DATASET CONTENT:
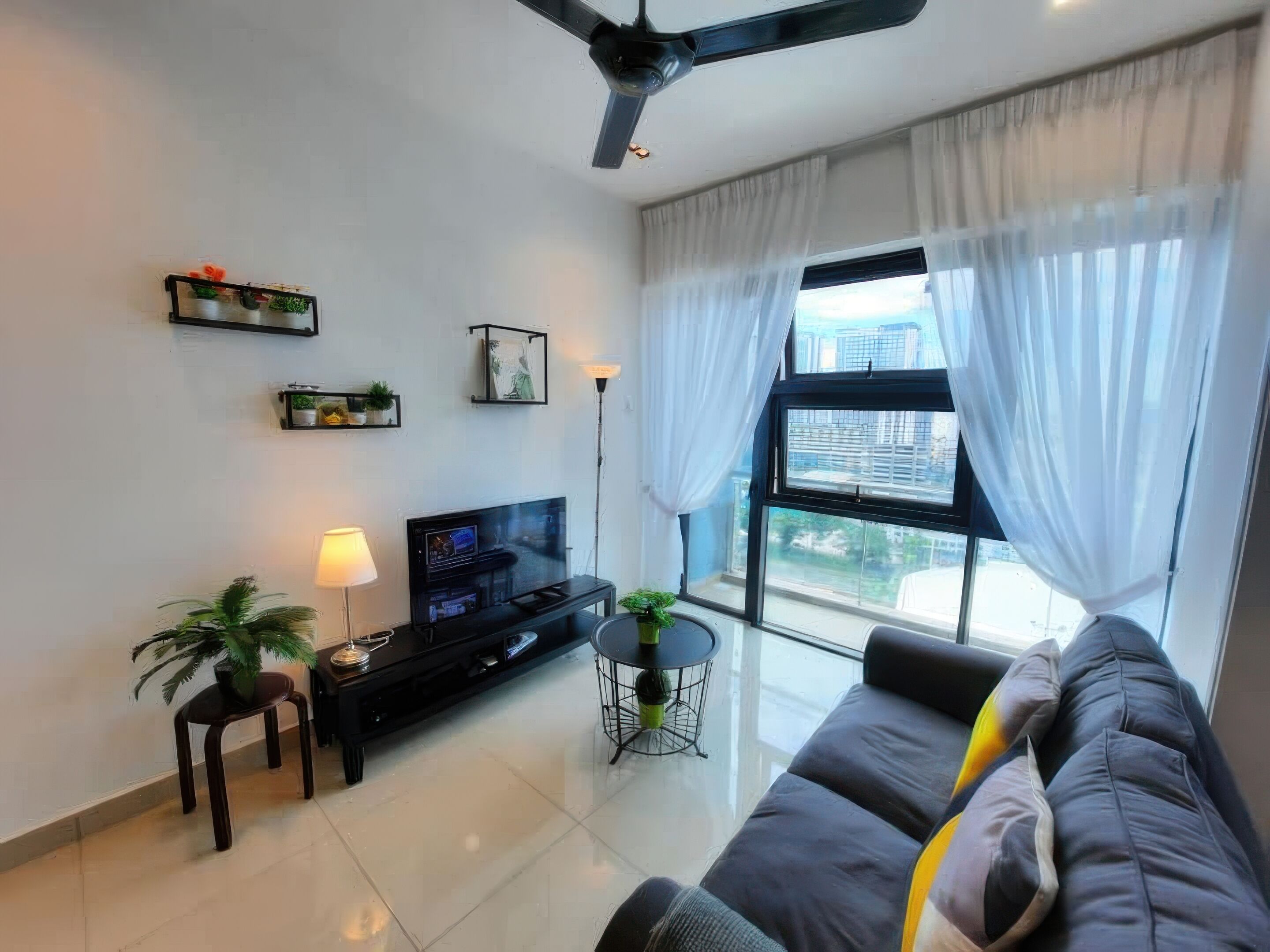 Superior Studio, 1 Queen Bed, Kitchen, City View | Living area | 35-inch TV with cable channels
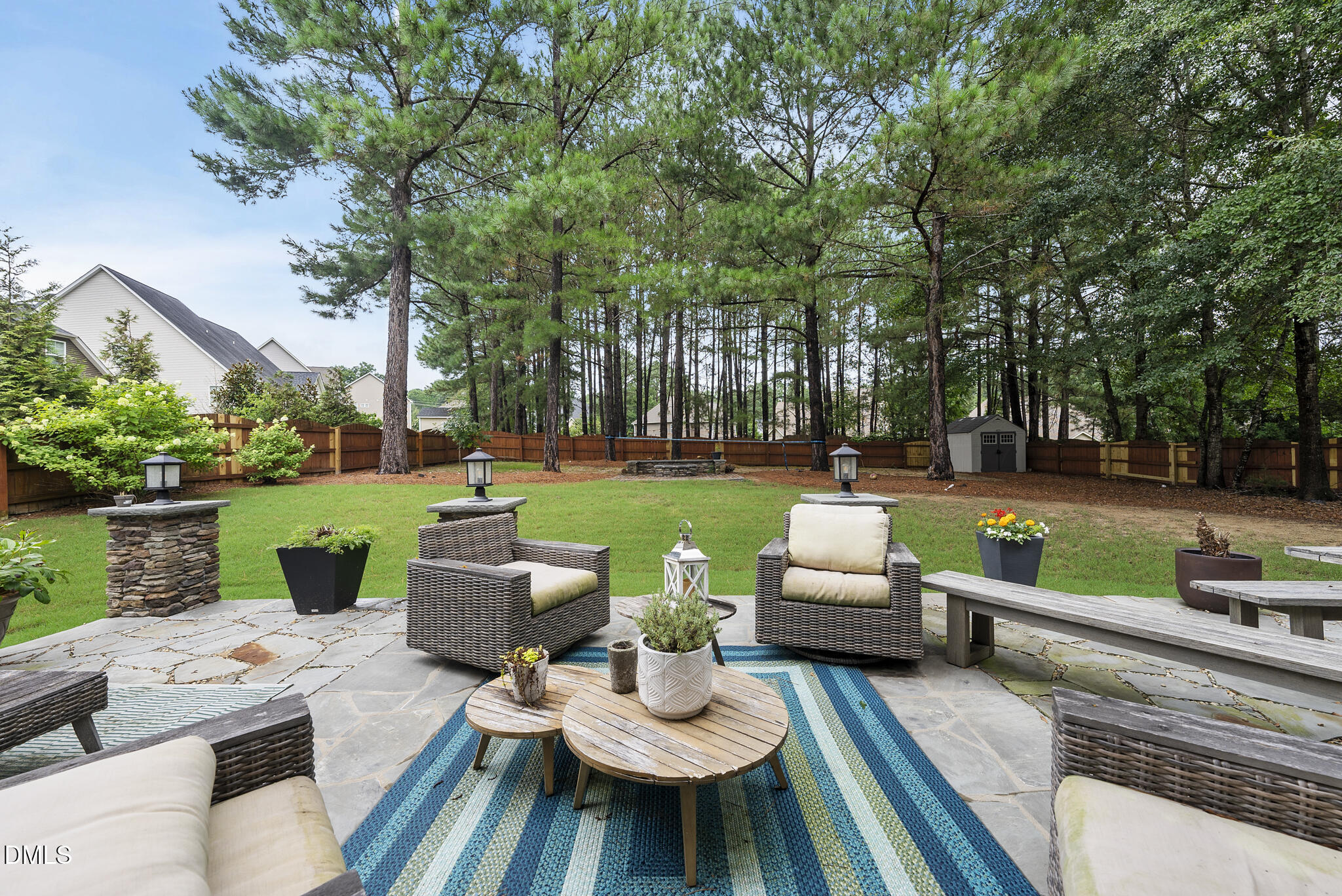 main property photo 23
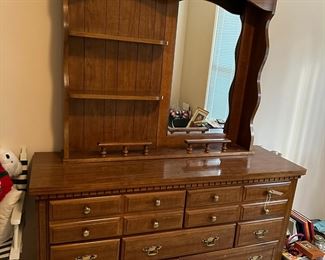 Item 28 - Dresser w/bookshelf & mirror - $60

TASK STATEMENT:
An exact copy of the data is required, with the pictures excluded.

SOLUTION FOR THIS EXERCISE:
 Superior Studio, 1 Queen Bed, Kitchen, City View | Living area | 35-inch TV with cable channels
 main property photo 23
 Item 28 - Dresser w/bookshelf & mirror - $60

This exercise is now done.